The Latest: Taliban fire weapons into air, at least 2 killed
ISTANBUL — An official at Emergency Hospital in Kabul says two people were killed and 12 wounded after Taliban fighters in the capital fired their weapons into the air in celebration.
Taliban in Kabul fired into the air Friday night to celebrate gains on the battlefield in Panjshir province, which still remains under the control of anti-Taliban fighters.
The hospital official spoke on condition of anonymity because he was not authorized to brief the media.

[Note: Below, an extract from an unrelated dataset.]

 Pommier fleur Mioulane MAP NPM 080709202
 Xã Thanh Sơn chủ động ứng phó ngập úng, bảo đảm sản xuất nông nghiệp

Taliban spokesman Zabihullah Mujahid on Twitter criticized the practice of firing into the air and called on the militants to stop it immediately
Tolo TV reported 17 bodies and 41 wounded people were transferred to Emergency Hospital.
— By Tameem Akhgar
MORE ON AFGHANISTAN:
— US expects to admit more than 50,000 evacuated Afghans
— Afghan women demand rights as Taliban seek recognition
— US defends strike that Afghan family says killed innocents
— Qatar says it’s not clear when Kabul airport will reopen
— Those left in Afghanistan complain of broken US promises
— Find more AP coverage at https://apnews.com/hub/afghanistan
HERE’S WHAT ELSE IS HAPPENING:
UNITED NATIONS — The United Nations chief will convene a ministerial meeting in Geneva on Sept. 13 to seek a swift scale-up in funding to address the growing humanitarian crisis in Afghanistan, where nearly half the country’s 38 million people need assistance.
U.N. spokesman Stephane Dujarric made the announcement Friday and said Secretary-General Antonio Guterres will also appeal “for full and unimpeded humanitarian access to make sure Afghans continue to get the essential services they need.”
Dujarric said the U.N. appeal for $1.3 billion for 2021 to help more than 18 million people is just 40% funded, leaving a $766 million deficit.
“Afghanistan faces a looming humanitarian catastrophe,” the U.N. spokesman said. “One in three Afghans do not know where their next meal will come from. Nearly half of all children under the age of 5 are predicted to be acutely malnourished in the next 12 months.”
Earlier Friday, Dujarric said the secretary-general is “very grateful for the generosity” of Denmark, Kazakhstan, North Macedonia, Pakistan, Poland, Qatar, the United Arab Emirates and the United States for making available facilities and transport for the temporary relocation of U.N. staff in Afghanistan.
Dujarric announced Aug. 18 that about 100 of the U.N.’s 300 international staff were being moved to Kazakhstan to work remotely because of security concerns.